**What this task involves**:
Copy only what lies from the line containing "Opel Astra K — polovni automobil" through the line containing "Gold earrings with diamonds" in the entries below, keeping both end lines exact and dropping every picture.

**Input for this task**:

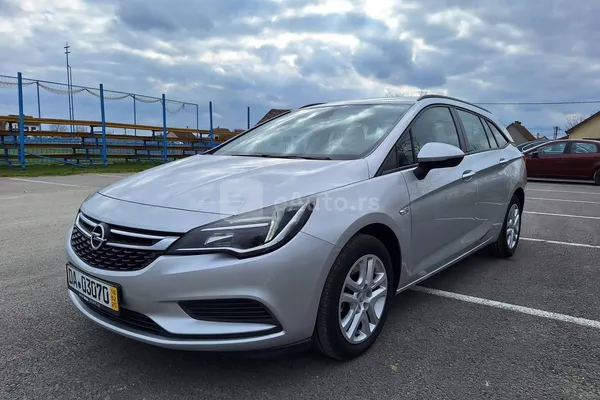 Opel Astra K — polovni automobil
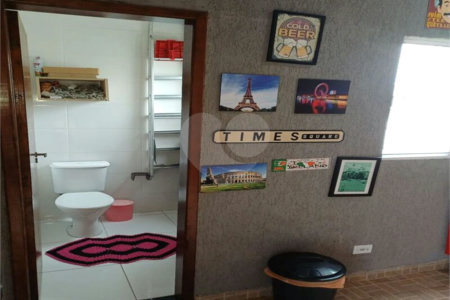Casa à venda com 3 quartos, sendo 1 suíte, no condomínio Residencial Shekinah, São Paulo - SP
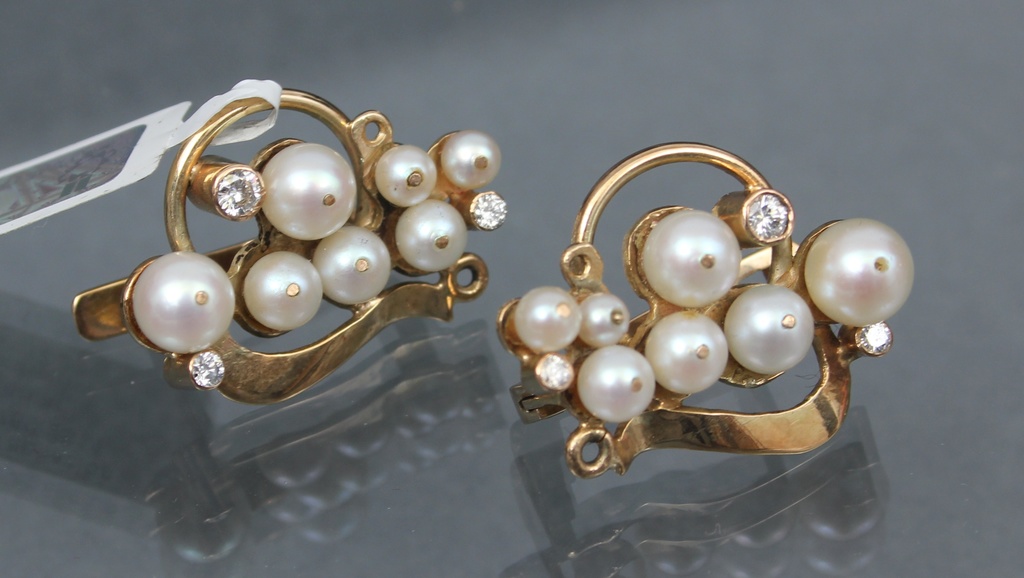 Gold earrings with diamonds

* * *

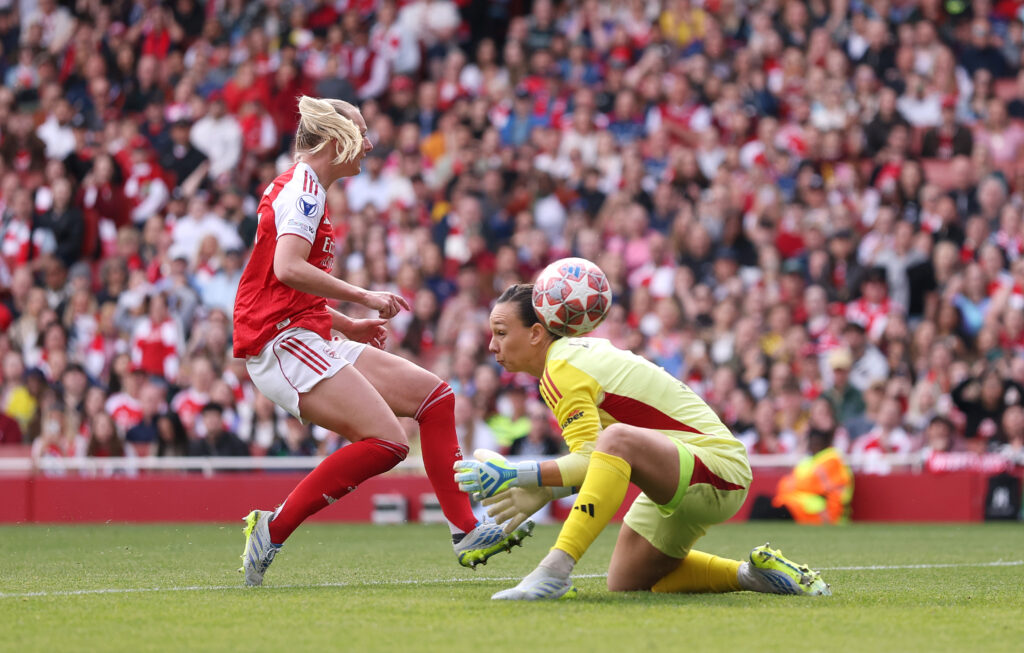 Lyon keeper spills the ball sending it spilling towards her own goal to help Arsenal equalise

==

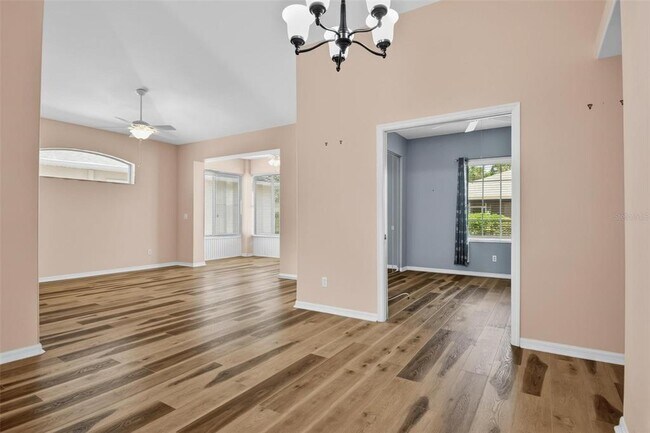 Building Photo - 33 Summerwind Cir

**Task answer**:
 Opel Astra K — polovni automobil
Casa à venda com 3 quartos, sendo 1 suíte, no condomínio Residencial Shekinah, São Paulo - SP
 Gold earrings with diamonds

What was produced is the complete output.